Richard I (8 September 1157 – 6 April 1199) was King of England from 6 July 1189 until his death. He also ruled as Duke of Normandy, Duke of Aquitaine, Duke of Gascony, Lord of Cyprus, Count of Anjou, Count of Maine, Count of Nantes, and Overlord of Brittany at various times during the same period. He was known as Richard Cœur de Lion, or Richard the Lionheart, even before his accession, because of his reputation as a great military leader and warrior. The Saracens called him Melek-Ric or Malek al-Inkitar – King of England.
By the age of sixteen, Richard commanded his own army, putting down rebellions in Poitou against his father, King Henry II. Richard was a central Christian commander during the Third Crusade, leading the campaign after the departure of Philip II of France and scoring considerable victories against his Muslim counterpart, Saladin, although he did not reconquer Jerusalem.

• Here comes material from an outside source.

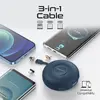Promate складной 3‑в‑1 USB-C — USB-C/Lightning/microUSB 1 м Photo 2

Speaking only langue d'oïl and langue d'oc and spending very little time in England (he lived in his Duchy of Aquitaine in the southwest of France, preferring to use his kingdom as a source of revenue to support his armies), he was seen as a pious hero by his subjects. He remains one of the few Kings of England remembered by his epithet, rather than regnal number, and is an enduring iconic figure in England and France.